─── Material to process ───
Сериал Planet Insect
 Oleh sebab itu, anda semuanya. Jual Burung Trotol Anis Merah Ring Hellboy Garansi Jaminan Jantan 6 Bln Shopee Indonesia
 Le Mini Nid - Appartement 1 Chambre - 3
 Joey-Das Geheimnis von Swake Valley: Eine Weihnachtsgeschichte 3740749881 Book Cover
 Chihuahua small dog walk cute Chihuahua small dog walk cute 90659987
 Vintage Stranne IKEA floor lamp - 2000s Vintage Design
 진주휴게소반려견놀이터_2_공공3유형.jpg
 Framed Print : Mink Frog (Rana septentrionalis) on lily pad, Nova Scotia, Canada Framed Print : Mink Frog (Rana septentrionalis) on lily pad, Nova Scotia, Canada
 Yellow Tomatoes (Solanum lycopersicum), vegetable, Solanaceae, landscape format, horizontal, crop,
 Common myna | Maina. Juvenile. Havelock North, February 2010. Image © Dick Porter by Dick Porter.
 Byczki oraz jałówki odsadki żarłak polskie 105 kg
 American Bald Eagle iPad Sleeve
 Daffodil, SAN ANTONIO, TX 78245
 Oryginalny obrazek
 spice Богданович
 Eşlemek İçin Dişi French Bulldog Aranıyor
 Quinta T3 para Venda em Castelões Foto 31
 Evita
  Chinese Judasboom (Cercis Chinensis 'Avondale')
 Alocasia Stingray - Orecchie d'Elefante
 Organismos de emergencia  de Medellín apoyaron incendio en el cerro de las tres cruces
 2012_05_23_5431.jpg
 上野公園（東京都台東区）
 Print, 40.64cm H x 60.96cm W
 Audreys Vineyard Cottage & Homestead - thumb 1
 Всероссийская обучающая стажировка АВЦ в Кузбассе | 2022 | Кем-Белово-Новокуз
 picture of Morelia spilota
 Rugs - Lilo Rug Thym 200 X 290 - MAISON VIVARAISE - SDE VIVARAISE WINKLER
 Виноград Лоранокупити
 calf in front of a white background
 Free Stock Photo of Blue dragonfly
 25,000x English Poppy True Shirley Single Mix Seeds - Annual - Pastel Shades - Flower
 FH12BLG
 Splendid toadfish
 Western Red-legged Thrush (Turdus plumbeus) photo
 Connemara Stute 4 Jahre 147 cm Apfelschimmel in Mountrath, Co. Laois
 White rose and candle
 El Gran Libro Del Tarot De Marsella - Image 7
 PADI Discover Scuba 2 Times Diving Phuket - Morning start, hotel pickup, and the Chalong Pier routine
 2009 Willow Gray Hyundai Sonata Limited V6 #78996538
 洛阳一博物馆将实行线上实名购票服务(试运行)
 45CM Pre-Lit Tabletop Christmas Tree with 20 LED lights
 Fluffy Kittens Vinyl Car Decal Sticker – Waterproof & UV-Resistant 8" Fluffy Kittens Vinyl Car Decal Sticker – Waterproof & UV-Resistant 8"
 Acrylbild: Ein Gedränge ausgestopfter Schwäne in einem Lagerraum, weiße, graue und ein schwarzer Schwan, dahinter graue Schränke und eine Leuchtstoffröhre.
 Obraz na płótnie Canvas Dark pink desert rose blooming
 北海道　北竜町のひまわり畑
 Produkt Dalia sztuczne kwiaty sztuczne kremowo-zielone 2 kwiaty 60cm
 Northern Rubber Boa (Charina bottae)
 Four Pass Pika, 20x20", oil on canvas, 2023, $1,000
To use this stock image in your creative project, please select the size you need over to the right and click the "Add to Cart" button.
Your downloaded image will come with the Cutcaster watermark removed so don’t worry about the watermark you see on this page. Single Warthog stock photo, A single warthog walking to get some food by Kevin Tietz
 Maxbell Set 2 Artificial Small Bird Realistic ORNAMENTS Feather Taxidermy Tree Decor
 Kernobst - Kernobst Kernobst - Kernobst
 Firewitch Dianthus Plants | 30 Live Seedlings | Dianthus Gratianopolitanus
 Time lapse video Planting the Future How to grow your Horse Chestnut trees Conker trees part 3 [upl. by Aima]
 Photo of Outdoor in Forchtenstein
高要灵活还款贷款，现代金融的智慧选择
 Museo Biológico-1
───
◆ **What to do**
Please write out every record shown above exactly as it reads.

◆ **Response to the exercise**
Сериал Planet Insect
 Oleh sebab itu, anda semuanya. Jual Burung Trotol Anis Merah Ring Hellboy Garansi Jaminan Jantan 6 Bln Shopee Indonesia
 Le Mini Nid - Appartement 1 Chambre - 3
 Joey-Das Geheimnis von Swake Valley: Eine Weihnachtsgeschichte 3740749881 Book Cover
 Chihuahua small dog walk cute Chihuahua small dog walk cute 90659987
 Vintage Stranne IKEA floor lamp - 2000s Vintage Design
 진주휴게소반려견놀이터_2_공공3유형.jpg
 Framed Print : Mink Frog (Rana septentrionalis) on lily pad, Nova Scotia, Canada Framed Print : Mink Frog (Rana septentrionalis) on lily pad, Nova Scotia, Canada
 Yellow Tomatoes (Solanum lycopersicum), vegetable, Solanaceae, landscape format, horizontal, crop,
 Common myna | Maina. Juvenile. Havelock North, February 2010. Image © Dick Porter by Dick Porter.
 Byczki oraz jałówki odsadki żarłak polskie 105 kg
 American Bald Eagle iPad Sleeve
 Daffodil, SAN ANTONIO, TX 78245
 Oryginalny obrazek
 spice Богданович
 Eşlemek İçin Dişi French Bulldog Aranıyor
 Quinta T3 para Venda em Castelões Foto 31
 Evita
  Chinese Judasboom (Cercis Chinensis 'Avondale')
 Alocasia Stingray - Orecchie d'Elefante
 Organismos de emergencia  de Medellín apoyaron incendio en el cerro de las tres cruces
 2012_05_23_5431.jpg
 上野公園（東京都台東区）
 Print, 40.64cm H x 60.96cm W
 Audreys Vineyard Cottage & Homestead - thumb 1
 Всероссийская обучающая стажировка АВЦ в Кузбассе | 2022 | Кем-Белово-Новокуз
 picture of Morelia spilota
 Rugs - Lilo Rug Thym 200 X 290 - MAISON VIVARAISE - SDE VIVARAISE WINKLER
 Виноград Лоранокупити
 calf in front of a white background
 Free Stock Photo of Blue dragonfly
 25,000x English Poppy True Shirley Single Mix Seeds - Annual - Pastel Shades - Flower
 FH12BLG
 Splendid toadfish
 Western Red-legged Thrush (Turdus plumbeus) photo
 Connemara Stute 4 Jahre 147 cm Apfelschimmel in Mountrath, Co. Laois
 White rose and candle
 El Gran Libro Del Tarot De Marsella - Image 7
 PADI Discover Scuba 2 Times Diving Phuket - Morning start, hotel pickup, and the Chalong Pier routine
 2009 Willow Gray Hyundai Sonata Limited V6 #78996538
 洛阳一博物馆将实行线上实名购票服务(试运行)
 45CM Pre-Lit Tabletop Christmas Tree with 20 LED lights
 Fluffy Kittens Vinyl Car Decal Sticker – Waterproof & UV-Resistant 8" Fluffy Kittens Vinyl Car Decal Sticker – Waterproof & UV-Resistant 8"
 Acrylbild: Ein Gedränge ausgestopfter Schwäne in einem Lagerraum, weiße, graue und ein schwarzer Schwan, dahinter graue Schränke und eine Leuchtstoffröhre.
 Obraz na płótnie Canvas Dark pink desert rose blooming
 北海道　北竜町のひまわり畑
 Produkt Dalia sztuczne kwiaty sztuczne kremowo-zielone 2 kwiaty 60cm
 Northern Rubber Boa (Charina bottae)
 Four Pass Pika, 20x20", oil on canvas, 2023, $1,000
To use this stock image in your creative project, please select the size you need over to the right and click the "Add to Cart" button.
Your downloaded image will come with the Cutcaster watermark removed so don’t worry about the watermark you see on this page. Single Warthog stock photo, A single warthog walking to get some food by Kevin Tietz
 Maxbell Set 2 Artificial Small Bird Realistic ORNAMENTS Feather Taxidermy Tree Decor
 Kernobst - Kernobst Kernobst - Kernobst
 Firewitch Dianthus Plants | 30 Live Seedlings | Dianthus Gratianopolitanus
 Time lapse video Planting the Future How to grow your Horse Chestnut trees Conker trees part 3 [upl. by Aima]
 Photo of Outdoor in Forchtenstein
高要灵活还款贷款，现代金融的智慧选择
 Museo Biológico-1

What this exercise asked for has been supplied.